▶ **REQUIRED ACTION**:
The material below contains a line with "2025 GMC Sierra 2500 Denali Ultimate" and a line with "Chicago Cubs - Retro". Copy exactly those two lines and all lines between them.

▶ **RECORDS**:
========================================

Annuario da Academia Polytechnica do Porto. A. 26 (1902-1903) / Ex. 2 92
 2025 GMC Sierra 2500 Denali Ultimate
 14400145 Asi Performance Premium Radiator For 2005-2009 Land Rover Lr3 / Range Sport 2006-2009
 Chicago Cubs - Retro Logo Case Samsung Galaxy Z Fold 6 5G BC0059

========================================

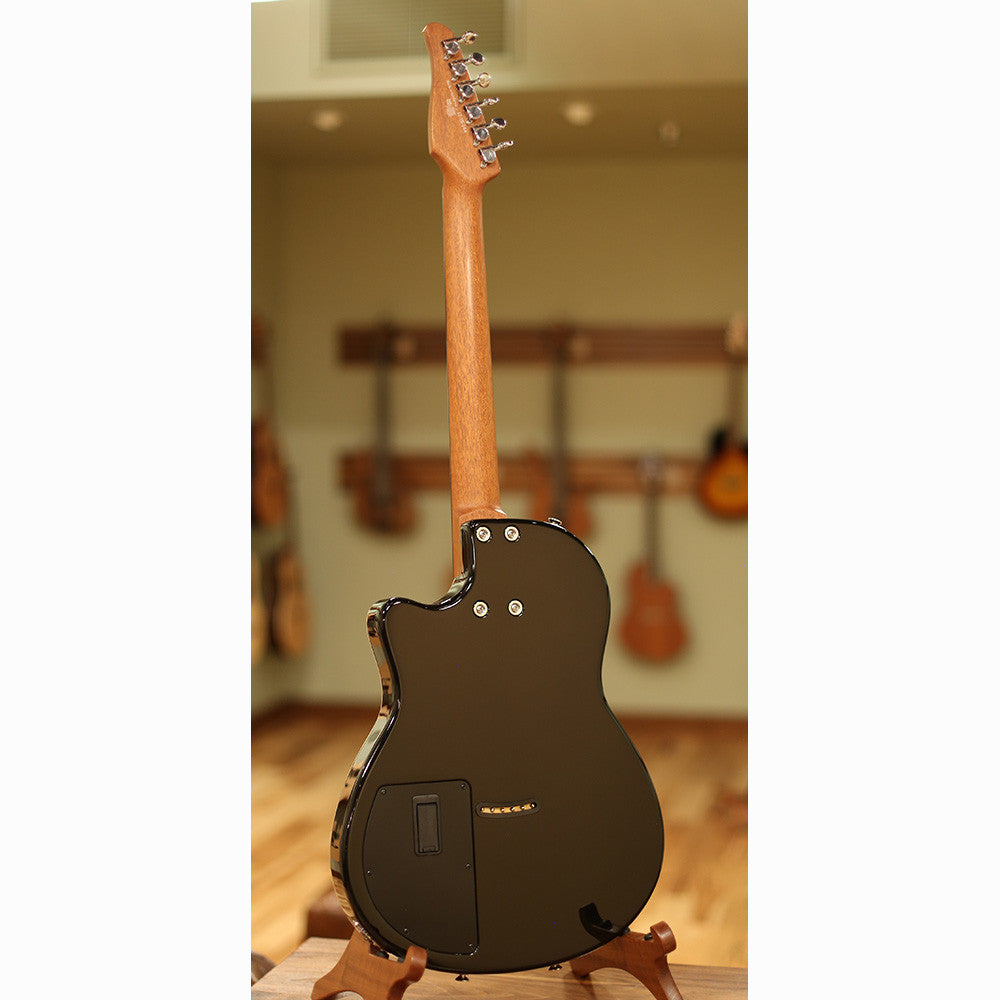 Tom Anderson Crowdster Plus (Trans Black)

========================================

▶ **FINISHED TASK**:
 2025 GMC Sierra 2500 Denali Ultimate
 14400145 Asi Performance Premium Radiator For 2005-2009 Land Rover Lr3 / Range Sport 2006-2009
 Chicago Cubs - Retro Logo Case Samsung Galaxy Z Fold 6 5G BC0059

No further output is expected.